Например, слово “патриотизм”. Ведь как чудно любить свою землю, свой народ, свою культуру, отчий дом… Это — родное. И Родина — родная. Как ужасен человек, который не любит свое “родное”! Может ли он, не умея любить “родное”, полюбить “чужое”? Не любя “ближнего”, полюбить “дальнего”? Или только свой собственный вымысел о дальнем и чужом? Такой человек должен был бы называться “выродком”. Есть такое слово. Но вот вкралось в наше сознание это толстовское мо: “Патриотизм — последнее прибежище негодяя”. И все. Скажи, что ты — патриот, так тебе, может, и руки не пожмут. В дом не пустят — вдруг ты что-нибудь стянешь? Коситься начнут — может, ты фашист? Будешь чувствовать себя каким-то подонком общества… Нет, ты родину-то люби сколько влезет, у нас свобода, а вот само слово не трожь! И ведь это “последнее прибежище” пошло гулять-погуливать, стоит, самодовольно подбоченясь, на всех путях, выдавая себя за непререкаемый аргумент, будучи абсолютно блефовой фразой, симулякром… Оказывается, у нее есть смысл, но только прямо противоположный тому, в каком мы ее повторяем… И принадлежит она не Толстому, а английскому критику, лексикографу, эссеисту и поэту Самюэлю Джонсону (см. Николай Ефимов. О патриотах, негодяях и родине. НГ, 2000, № 115, 24 июня, а также: Библиография Андрея Василевского, “Новый мир”, 2000, № 10. стр. 243). Звучит она так: “Patriotism is the last refuge of a scoundrel”. Смысл ее таков: не все потеряно даже для самого последнего, пропащего человека, “негодяя”, отвергнутого обществом и окружением, пока в нем живет чувство родины. Прибежище — по-английски refuge — это еще и утешение, спасение, даже “островок спасения”…

Так мы попали в плен словесных, исключительно номинальных, а значит, фиктивных самообразующихся систем, не восходящих к бытию, но затягивающих нас в свою собственную мнимую реальность.

— Анжелочка, зачем ты изрезала ножом мое новое пальто?

— Т-ты Р-родину н-не л-любишь! — ломая язык и плюясь, дарит Анжела…

“Да” перестало быть онтологическим Да, а “нет” перестало быть Нет, но они сразу и одновременно стали условным, двоящимся “и да и нет”. В такой языковой и ментальной ситуации гражданственность перестает осознаваться как связь личности и общества, личности и государства, а входит в словесные системы, где она оказывается словом траченым, официозным. Ему, такому слову, в этом контексте приличествуют лишь ирония, стеб, юродство, либо угрожает “звериная серьезность” партийного демагога.

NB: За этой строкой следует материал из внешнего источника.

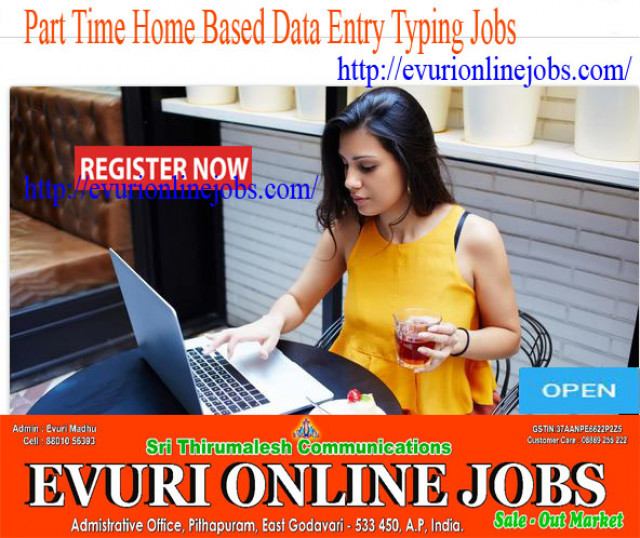 Legitimate Home Based Jobs - Guaranteed Income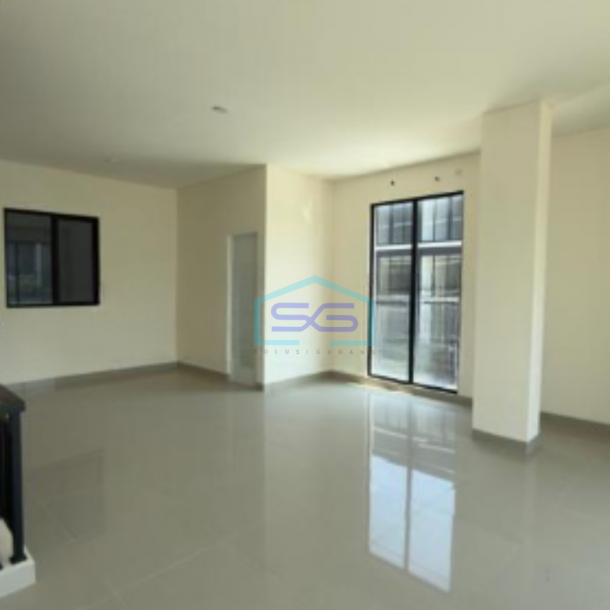 Dijual Ruko Hampton 3 Lantai Hoek di Gading Serpong Luas Bangunan  180 m²-4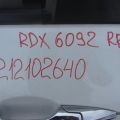 67550-STK-A90ZZ | Двері задн. лів. ACURA RDX 06-12 - Прев'ю 2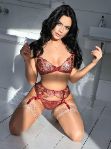 Bonnie charming 24 years old escort in Notting Hill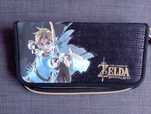Bolsa Nintendo Switch Zelda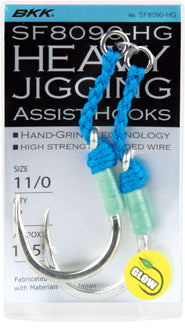 BKK Jig Assist 8090-HG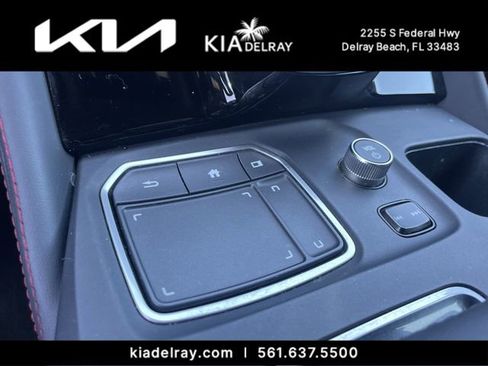 Used 2023 Acura MDX A-Spec AWD/4WD image 28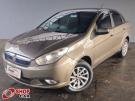 FIAT Grand Siena Attractive 1.4 Cinza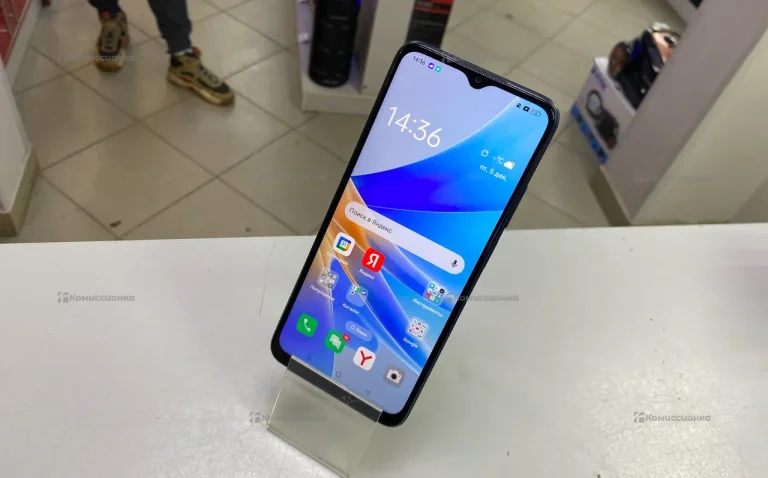 Oppo A17k 3/64 ГБ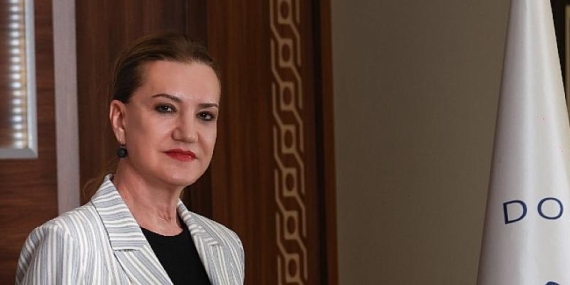 DEÜ’den Sürdürülebilirlikte Küresel Tırmanış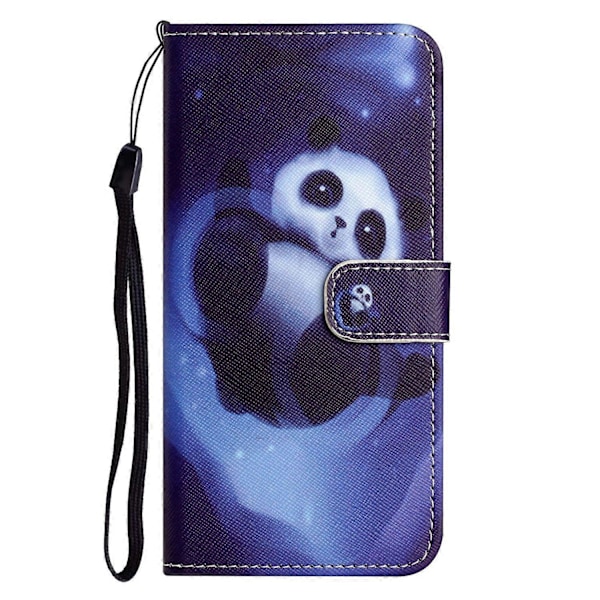Puhelinkotelo Galaxy A05 4G:lle Multicolor Style A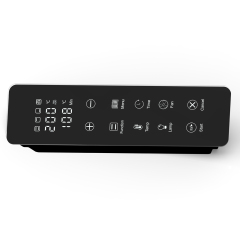 迷你烤箱控制板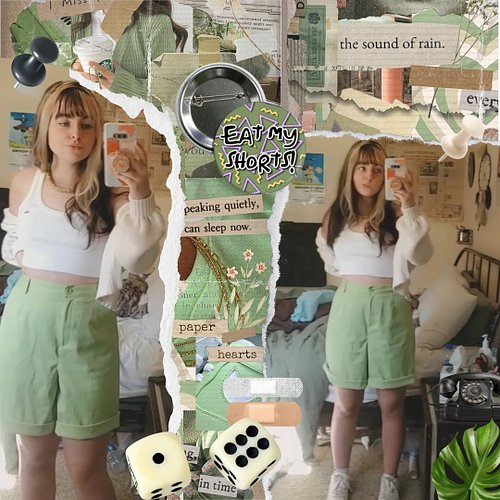 🌿 𝕄𝕒𝕪 𝟚𝟘𝟚𝟙 𝔻𝕦𝕞𝕡 🌿 I am forever greatful to have lived in this house. Came at great timing too. My recovery 70’s fairy home 🧚🏻...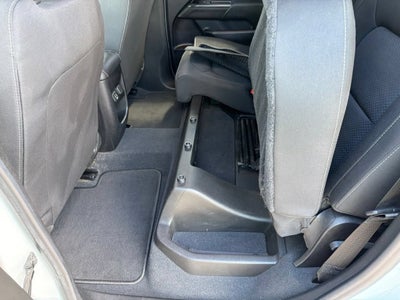 2019 Chevrolet Colorado 4WD LT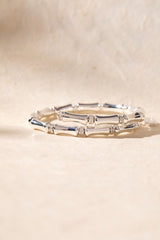 Bamboo Wrap Bracelet, Bracelets, $ 38.00, A Moment Of Now™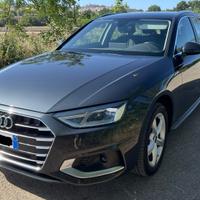 Audi A4 Avant  30 mhev 2.0 businessa advance 135cv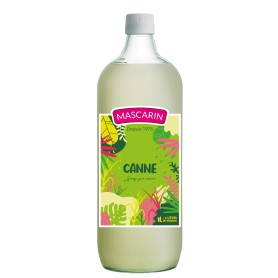 Sirop de canne - MASCARIN - 1L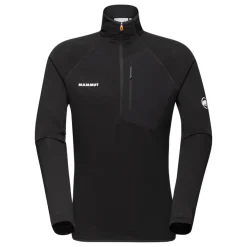 Aenergy Light ML Half Zip Pull-On
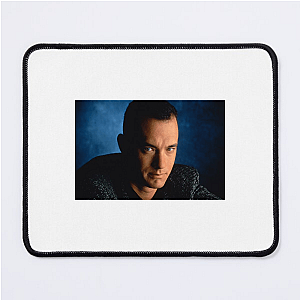Tom Hanks Cast Away Survivor Tom Hanks Mouse Pads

Поэзия родилась в лоне игры, но игры культовой, игры более чем “всамделишной”, игры, в которой притча соотносится с архетипом, рифма оборачивается заклинанием, а слово — пророчеством.

Теперь она снова вернулась в игру. Однако эта новая игра — виртуальность, “отключка”, где правила придуманы из головы, а играющие поражены неврозом и анемией. Из стихов выветрился лирический герой, попросту — исчезла личность, испарился автор… Пространство замолкает — оно не играет в такие игры. Почва и судьба перестают дышать в слове. Чувство не диктует больше никаких строк и не посылает на сцену раба. И голос Родины больше не ищет уста, чтоб “сказать себя миру”. Да никто больше ничего и не ловит “в далеком отголоске”… Национальную идею выдумывают чиновники.

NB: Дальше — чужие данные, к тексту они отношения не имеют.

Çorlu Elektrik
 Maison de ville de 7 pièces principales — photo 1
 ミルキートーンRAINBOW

Никто не принимает слово всерьез: само по себе оно ничего не значит, ничего не весит и ничего не стоит. Остается лишь адаптироваться к новым словесным системам репрезентации…

Софисты победили наконец и Платона, и Сократа. Гностицизм поборол христианство. Обоюдоострая бритва Оккама рассекла Слово и бытие, и они разошлись по разным путям, умертвив смысл.

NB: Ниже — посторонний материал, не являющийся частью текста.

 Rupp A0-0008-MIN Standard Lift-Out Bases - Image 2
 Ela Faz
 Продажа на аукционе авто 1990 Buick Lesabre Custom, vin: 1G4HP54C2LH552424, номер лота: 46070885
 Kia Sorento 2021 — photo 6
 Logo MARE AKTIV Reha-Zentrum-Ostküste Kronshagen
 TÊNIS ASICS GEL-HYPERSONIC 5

— Анжелочка, почему у тебя вся шея в засосах? Неужели это водопроводчик?

— Т-ты н-не л-люб-бишь Р-род-дин-ну!..

…И все же, все же… Раньше я наведывалась в Женеву, к Нине. Мы часто звонили друг другу. Но в последнее время она пропала. Полгода от нее ни слуху, ни духу… А когда я дописывала эту статью и повторяла в ней ее имя, она вдруг позвонила… Услышала! Слово-именование долетело до нее, коснулось, кольнуло, позвало. Она сказала: “Знаешь, мне все-таки удалось усыновить Глебика”. А я сказала: “Аминь. Я поняла, Нина, — Родину ты все-таки любишь!”.